When Market Incentives Lead to Bad Outcomes, Continued

A couple of weeks ago, I wrote a post about Atul Gawande’s New Yorker article about health care spending and outcomes. I didn’t claim to have any particular insight about health care economics; I just thought that people should read his article – which, to summarize greatly, argues that there is no correlation between high spending and good outcomes, because the current system does not motivate doctors to seek good outcomes. (Apparently Barack Obama agreed, since the Times reported that “the article became required reading in the White House.”)

That post got a lot of interest, so here is a follow-up.

A lot of the data on regional variations in spending and outcomes come from the Dartmouth Atlas of Health Care, whose findings are summarized in the first paragraph of Jonathan Skinner’s Economix post:

“For the last three decades, John Wennberg and his Dartmouth colleagues have documented regional variation in Medicare spending and a puzzling lack of association between spending and better health outcomes. Regions that spend more on medical care don’t necessarily have sicker people, and they don’t get better results. It isn’t clear what benefit they are receiving for all the money they’re spending.”

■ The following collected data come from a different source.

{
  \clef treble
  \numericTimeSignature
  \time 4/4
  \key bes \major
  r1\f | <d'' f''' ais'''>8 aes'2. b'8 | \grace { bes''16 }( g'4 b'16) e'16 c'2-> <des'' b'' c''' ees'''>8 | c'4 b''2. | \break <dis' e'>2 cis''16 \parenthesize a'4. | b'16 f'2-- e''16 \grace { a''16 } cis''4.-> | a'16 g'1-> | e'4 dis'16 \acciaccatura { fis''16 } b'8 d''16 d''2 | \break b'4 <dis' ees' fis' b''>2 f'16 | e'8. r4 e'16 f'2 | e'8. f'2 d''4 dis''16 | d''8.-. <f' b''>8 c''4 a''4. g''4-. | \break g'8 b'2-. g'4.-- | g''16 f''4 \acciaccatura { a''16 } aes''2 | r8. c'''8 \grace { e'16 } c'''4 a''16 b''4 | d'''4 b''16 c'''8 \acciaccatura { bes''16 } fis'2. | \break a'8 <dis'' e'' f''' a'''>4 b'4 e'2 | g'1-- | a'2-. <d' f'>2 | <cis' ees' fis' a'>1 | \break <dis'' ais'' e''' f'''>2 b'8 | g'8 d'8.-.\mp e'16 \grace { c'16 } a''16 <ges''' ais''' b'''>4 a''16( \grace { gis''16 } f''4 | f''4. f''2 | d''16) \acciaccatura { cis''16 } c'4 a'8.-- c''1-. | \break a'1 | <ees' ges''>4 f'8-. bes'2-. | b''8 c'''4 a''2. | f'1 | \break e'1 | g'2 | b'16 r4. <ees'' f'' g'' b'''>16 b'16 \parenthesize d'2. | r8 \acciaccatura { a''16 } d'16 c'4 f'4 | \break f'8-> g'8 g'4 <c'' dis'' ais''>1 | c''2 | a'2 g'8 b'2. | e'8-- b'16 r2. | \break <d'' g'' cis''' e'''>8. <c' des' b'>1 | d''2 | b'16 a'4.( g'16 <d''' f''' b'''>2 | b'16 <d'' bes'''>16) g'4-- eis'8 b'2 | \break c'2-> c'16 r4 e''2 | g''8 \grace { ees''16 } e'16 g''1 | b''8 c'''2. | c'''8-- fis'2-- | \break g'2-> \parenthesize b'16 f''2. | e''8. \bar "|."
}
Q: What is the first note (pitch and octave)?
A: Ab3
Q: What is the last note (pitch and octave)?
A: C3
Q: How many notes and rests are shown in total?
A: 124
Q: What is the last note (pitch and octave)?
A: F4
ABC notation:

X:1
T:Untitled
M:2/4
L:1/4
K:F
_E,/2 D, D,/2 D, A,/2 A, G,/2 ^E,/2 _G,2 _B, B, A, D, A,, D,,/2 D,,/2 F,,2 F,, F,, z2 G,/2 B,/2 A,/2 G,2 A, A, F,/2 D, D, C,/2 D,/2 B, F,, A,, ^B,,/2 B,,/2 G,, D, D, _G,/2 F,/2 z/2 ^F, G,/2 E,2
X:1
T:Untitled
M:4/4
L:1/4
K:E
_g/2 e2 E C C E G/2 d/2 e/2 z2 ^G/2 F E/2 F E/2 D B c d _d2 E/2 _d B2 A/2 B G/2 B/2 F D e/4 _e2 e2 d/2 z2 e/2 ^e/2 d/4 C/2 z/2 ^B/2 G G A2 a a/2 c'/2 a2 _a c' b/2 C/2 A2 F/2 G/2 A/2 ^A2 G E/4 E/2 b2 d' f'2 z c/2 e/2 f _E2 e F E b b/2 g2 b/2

Skinner’s post cites and then responds to criticisms mentioned in the aforementioned Times article and in a Wall Street Journal editorial. The most direct criticism, it seems to me, is that the Dartmouth study does not control for the sickness of populations; however, as Skinner says, studies that do control for population differences still find major spending gaps. In Economix yesterday, David Leonhardt provides an overview of this debate.

Finally, Leonhardt’s column yesterday addresses the political flavor of the same issue: rationing. His position is summed up here:

“Milton Friedman’s beloved line is a good way to frame the issue: There is no such thing as a free lunch. The choice isn’t between rationing and not rationing. It’s between rationing well and rationing badly. Given that the United States devotes far more of its economy to health care than other rich countries, and gets worse results by many measures, it’s hard to argue that we are now rationing very rationally.”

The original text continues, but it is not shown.